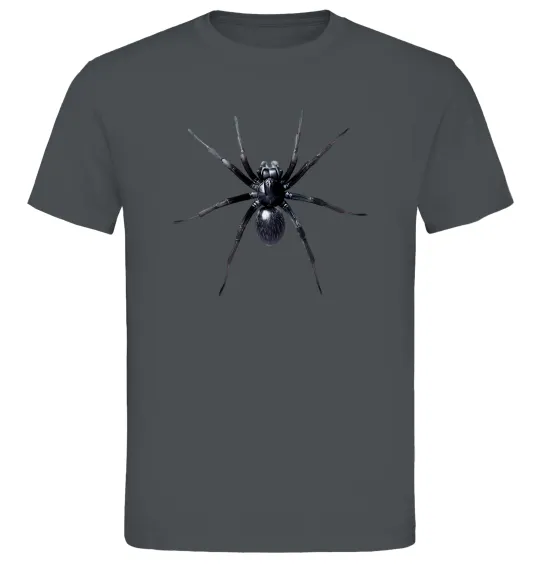 Мужская футболка Spider Графит фото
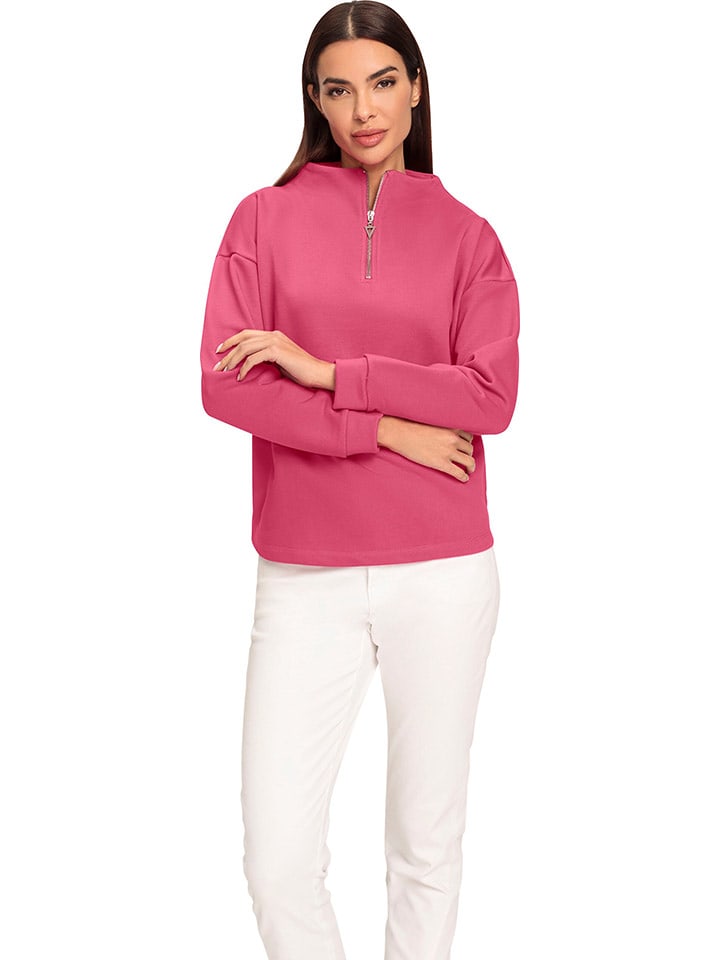 Heine Bluza w kolorze różowym rozmiar: 38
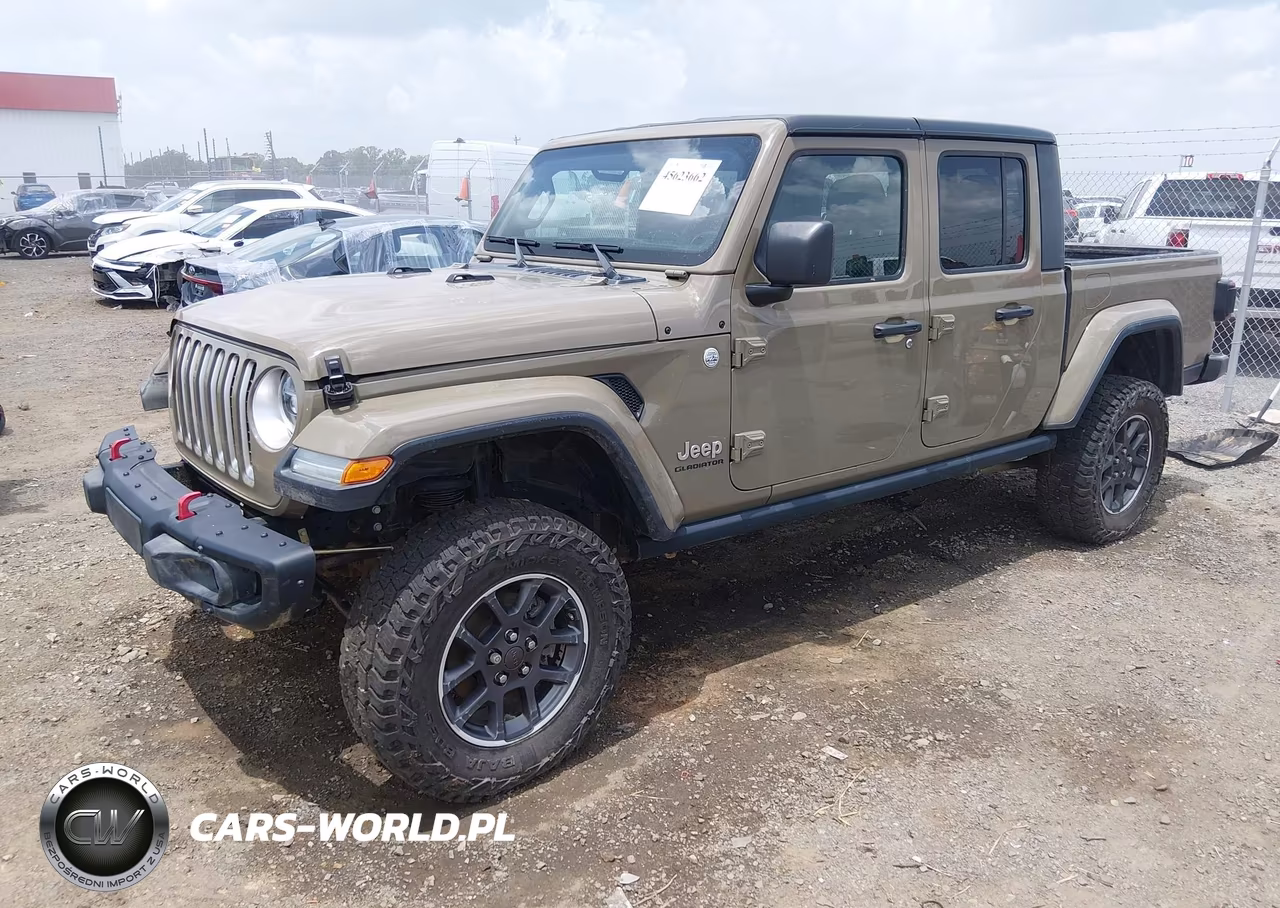 2020 Jeep Gladiator Overland 4X4 VIN:1C6HJTFG2LL171333 - 2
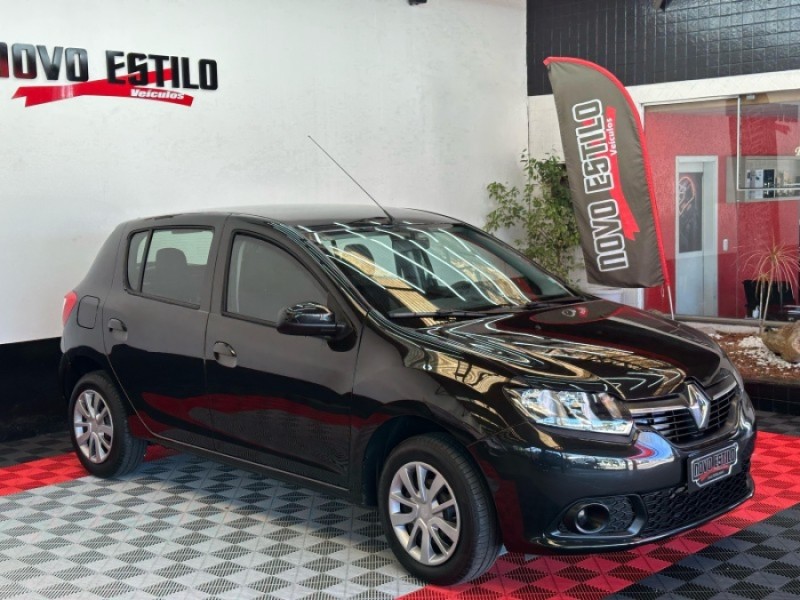 SANDERO 1.6 EXPRESSION 16V FLEX 4P MANUAL - 2018 - CAXIAS DO SUL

---

■ **Task item**
In the answer, retype exactly and only the lines from the one holding "Heine Bluza w kolorze różowym rozmiar: 38" through the end of the listing, keeping both ends and dropping every picture.

■ **Solution to this exercise**
 Heine Bluza w kolorze różowym rozmiar: 38
 2020 Jeep Gladiator Overland 4X4 VIN:1C6HJTFG2LL171333 - 2
 SANDERO 1.6 EXPRESSION 16V FLEX 4P MANUAL - 2018 - CAXIAS DO SUL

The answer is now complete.